- **TASK ITEM**:
Go through the lines below. Copy those with "Note".

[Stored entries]
------------------------------
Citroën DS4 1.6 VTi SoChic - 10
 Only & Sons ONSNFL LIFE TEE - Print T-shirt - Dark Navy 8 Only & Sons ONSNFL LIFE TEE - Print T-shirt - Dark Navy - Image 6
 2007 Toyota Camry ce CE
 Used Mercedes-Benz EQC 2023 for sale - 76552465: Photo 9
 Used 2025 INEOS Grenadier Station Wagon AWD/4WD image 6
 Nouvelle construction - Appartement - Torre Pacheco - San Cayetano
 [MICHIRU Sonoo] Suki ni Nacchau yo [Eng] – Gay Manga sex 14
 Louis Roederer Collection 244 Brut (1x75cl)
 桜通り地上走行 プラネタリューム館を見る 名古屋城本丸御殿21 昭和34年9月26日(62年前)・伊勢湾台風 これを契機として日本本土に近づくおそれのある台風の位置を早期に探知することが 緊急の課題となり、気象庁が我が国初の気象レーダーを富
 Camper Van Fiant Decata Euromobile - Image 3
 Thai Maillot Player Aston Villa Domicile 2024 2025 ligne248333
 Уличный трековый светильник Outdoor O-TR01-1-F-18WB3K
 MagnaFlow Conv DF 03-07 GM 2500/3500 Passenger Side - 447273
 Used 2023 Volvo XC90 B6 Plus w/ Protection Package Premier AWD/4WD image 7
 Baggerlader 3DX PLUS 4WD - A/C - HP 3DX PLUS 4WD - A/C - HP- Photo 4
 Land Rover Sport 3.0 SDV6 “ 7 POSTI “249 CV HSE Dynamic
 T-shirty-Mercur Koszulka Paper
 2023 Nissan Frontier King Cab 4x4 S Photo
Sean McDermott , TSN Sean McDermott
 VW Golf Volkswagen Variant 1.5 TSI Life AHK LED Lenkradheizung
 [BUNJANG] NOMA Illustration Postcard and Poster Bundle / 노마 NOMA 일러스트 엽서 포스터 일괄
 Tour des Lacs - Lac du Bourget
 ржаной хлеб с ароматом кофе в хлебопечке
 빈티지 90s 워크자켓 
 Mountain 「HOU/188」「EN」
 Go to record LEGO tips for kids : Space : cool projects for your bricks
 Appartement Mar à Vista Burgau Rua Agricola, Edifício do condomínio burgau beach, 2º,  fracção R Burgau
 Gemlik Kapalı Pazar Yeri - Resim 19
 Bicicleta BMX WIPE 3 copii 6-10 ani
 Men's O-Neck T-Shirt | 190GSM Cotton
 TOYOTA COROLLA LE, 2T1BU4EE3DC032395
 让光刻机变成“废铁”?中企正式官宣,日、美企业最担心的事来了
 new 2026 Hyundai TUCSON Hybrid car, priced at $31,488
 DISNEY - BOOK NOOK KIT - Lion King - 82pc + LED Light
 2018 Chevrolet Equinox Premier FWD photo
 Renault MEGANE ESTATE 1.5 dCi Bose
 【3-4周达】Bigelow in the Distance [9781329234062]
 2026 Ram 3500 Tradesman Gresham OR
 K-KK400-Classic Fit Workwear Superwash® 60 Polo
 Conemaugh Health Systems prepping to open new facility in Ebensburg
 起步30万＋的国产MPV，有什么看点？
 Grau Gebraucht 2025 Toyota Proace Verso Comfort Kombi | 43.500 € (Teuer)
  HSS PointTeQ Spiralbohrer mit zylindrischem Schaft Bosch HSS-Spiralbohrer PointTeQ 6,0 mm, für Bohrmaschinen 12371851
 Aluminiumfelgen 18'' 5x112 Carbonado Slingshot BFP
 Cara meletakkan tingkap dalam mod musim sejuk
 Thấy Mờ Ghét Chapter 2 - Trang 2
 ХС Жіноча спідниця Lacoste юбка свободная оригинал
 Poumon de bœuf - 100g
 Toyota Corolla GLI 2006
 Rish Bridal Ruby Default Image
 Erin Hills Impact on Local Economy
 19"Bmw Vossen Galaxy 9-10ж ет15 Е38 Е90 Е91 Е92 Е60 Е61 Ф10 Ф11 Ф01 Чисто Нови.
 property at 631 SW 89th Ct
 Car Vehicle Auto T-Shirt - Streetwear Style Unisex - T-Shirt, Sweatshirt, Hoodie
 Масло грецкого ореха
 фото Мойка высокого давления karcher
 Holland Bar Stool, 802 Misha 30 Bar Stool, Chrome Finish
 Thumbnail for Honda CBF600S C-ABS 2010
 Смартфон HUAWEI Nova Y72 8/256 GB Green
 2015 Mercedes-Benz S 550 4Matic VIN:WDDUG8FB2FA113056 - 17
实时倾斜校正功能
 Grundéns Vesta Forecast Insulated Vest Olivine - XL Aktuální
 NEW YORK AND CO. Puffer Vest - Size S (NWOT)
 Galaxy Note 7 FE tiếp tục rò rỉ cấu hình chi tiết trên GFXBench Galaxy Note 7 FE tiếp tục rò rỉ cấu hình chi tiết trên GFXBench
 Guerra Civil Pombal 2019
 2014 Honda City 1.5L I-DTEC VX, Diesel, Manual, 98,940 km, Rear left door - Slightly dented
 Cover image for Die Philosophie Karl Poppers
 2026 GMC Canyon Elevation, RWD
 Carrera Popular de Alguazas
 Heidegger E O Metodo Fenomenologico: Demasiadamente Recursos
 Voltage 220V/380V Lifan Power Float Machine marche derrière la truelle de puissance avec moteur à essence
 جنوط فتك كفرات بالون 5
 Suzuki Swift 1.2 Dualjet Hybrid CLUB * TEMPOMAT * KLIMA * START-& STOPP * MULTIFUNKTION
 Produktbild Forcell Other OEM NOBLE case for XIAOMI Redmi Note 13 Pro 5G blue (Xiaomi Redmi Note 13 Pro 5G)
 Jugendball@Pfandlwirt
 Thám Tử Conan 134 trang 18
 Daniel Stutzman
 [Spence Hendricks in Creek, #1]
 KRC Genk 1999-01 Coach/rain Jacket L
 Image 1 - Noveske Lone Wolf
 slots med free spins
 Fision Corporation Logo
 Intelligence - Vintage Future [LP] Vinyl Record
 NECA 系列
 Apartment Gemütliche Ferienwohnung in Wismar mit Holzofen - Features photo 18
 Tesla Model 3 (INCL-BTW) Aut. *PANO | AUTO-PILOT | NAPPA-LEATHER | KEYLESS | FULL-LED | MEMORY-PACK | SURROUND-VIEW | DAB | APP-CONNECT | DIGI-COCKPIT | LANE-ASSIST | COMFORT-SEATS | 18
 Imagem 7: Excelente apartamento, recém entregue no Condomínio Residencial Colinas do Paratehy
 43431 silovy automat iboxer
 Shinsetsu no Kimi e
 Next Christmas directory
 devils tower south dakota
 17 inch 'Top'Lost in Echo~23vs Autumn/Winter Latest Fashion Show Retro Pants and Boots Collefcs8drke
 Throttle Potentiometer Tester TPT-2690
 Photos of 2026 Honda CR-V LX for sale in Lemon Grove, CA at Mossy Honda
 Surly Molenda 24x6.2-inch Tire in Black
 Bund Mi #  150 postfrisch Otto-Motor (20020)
------------------------------
- **RESPONSE AREA**:
 Galaxy Note 7 FE tiếp tục rò rỉ cấu hình chi tiết trên GFXBench Galaxy Note 7 FE tiếp tục rò rỉ cấu hình chi tiết trên GFXBench
 Produktbild Forcell Other OEM NOBLE case for XIAOMI Redmi Note 13 Pro 5G blue (Xiaomi Redmi Note 13 Pro 5G)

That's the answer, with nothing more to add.